The central defender had been widely expected to feature in that contest but when manager Brendan Rodgers elected not to expose the 26-year-old to the maelstrom, Phillips instead found himself filling a different role, that of Celtic supporter.
It was a strange way to begin life at a new club but to have gleaned that experience of the bampottery that is the Glasgow derby – albeit a few hundred metres away from the action itself – will do Phillips no harm ahead of his expected Celtic debut against Dundee this weekend.
“The Rangers game just came a bit soon, that’s all it was,” explained the one-time Stuttgart and Bournemouth loanee. “There was some talk about maybe playing but the important thing was the team got the win. I was at Ibrox – I just couldn’t go out into the stand.
“I was in the dressing room beforehand, at half-time and the end of the game to be amongst it all. But for the match itself I watched it on TV in the media room. I could still hear the atmosphere from in there. It was an entertaining game to watch and quite intense at the end. But it was great to be there to support the boys.
“The TV was about four or five seconds behind the action, right enough. At one point I could hear cheers and people came into the room to watch the replays - then it [Kemar Roofe’s ‘goal’] was disallowed! It whetted the appetite to play in a game like that. But, at the same time, I didn’t really need my appetite whetting. Seeing that game, and being in among it, just gave me a taste of what’s to come.”

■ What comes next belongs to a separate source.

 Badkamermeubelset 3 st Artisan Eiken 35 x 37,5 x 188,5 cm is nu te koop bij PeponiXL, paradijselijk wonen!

Phillips is not the first member of his family to play in Glasgow. Dad Jimmy was on the books at Rangers for a period early in the Graeme Souness era, a decade before Nat was even born. There can’t be many father-son duos who have played on either side of the Old Firm divide but Phillips Jr said it wasn’t really a conversation when Rodgers first went cap in hand to Liverpool to ask for defensive reinforcements.
“My dad is just excited for me,” he explained. “He’s had his career and now I have mine – and they are two separate things. My dad wants me to be playing games at a high level and that’s what I’ll hopefully be doing at Celtic. The only advice he gave me was to say he played for Rangers so I’d be asked about it!

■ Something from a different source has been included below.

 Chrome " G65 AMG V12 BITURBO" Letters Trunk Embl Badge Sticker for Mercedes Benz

“But there was no specific advice in terms of Glasgow itself. He’ll be coming up to visit and I know he enjoyed living in the city. But generally my dad, when we speak about my career, it’s mainly on a game by game basis.

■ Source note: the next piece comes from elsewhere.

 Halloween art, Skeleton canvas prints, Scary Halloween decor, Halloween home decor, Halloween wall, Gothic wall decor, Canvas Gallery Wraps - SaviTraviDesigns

“I’ll chat to him after games to see what he thought. But in terms of the move itself he thought it was a great one for me.”
Phillips is no fresh-faced novice. Although games have proved hard to come by at Liverpool in recent times, he still racked up 20 appearances in the 2020/21 campaign, a season bookended by successful promotion-winning stints with Stuttgart and then Bournemouth.
The defender comes across as a methodical, pragmatic type who prefers to have set goals to achieve rather than merely drifting along. Joining a club, then, where winning trophies is expected rather than merely wished for should suit him to a tee.
“With anything in life you want to be moving towards an end goal,” he adds. “It’s good that Celtic have that here. They want to be winning trophies. They’re not just looking to survive as some teams might be in other areas of football.
“In Germany I had that with Stuttgart – it was promotion or nothing in the 2. Bundesliga. When I went to Bournemouth we had the end goal of winning promotion, at Liverpool there were high demands there and it’s the same here. I quite enjoy that and it brings the best out of me. It just makes everything more meaningful when you’ve got something to strive towards.”
Were Phillips to ever compile a YouTube package to showcase his skills then his drag-back to flummox none other than the mercurial Zlatan Ibrahimovic in a Champions League match against Milan would surely be included. The 26 year-old is very much a by-the-book central defender but, as the future son-in-law of Liam Gallagher acknowledges, sometimes you just have to roll with it.
“At the time I was just glad to get out of the trouble in the game situation,” he recalled. “It was only after the game when people were coming up to me and talking about it that I thought it must have looked half decent!
“But it wasn’t a scenario where I thought before it ‘Oh, I’m going to send him the wrong way’. I was going to whack it out of play and he’s gone to block it, so it was more of an instinctive move. He didn’t say anything to me about it, and I wouldn’t like to ask!
“I fractured my cheekbone in that game off the back of his head. I think it might have been after that incident. He’s gone to flick it on, I’ve gone through the back, and he’s flicked his head back. There’s a nice picture where you can see a big dent in my face!”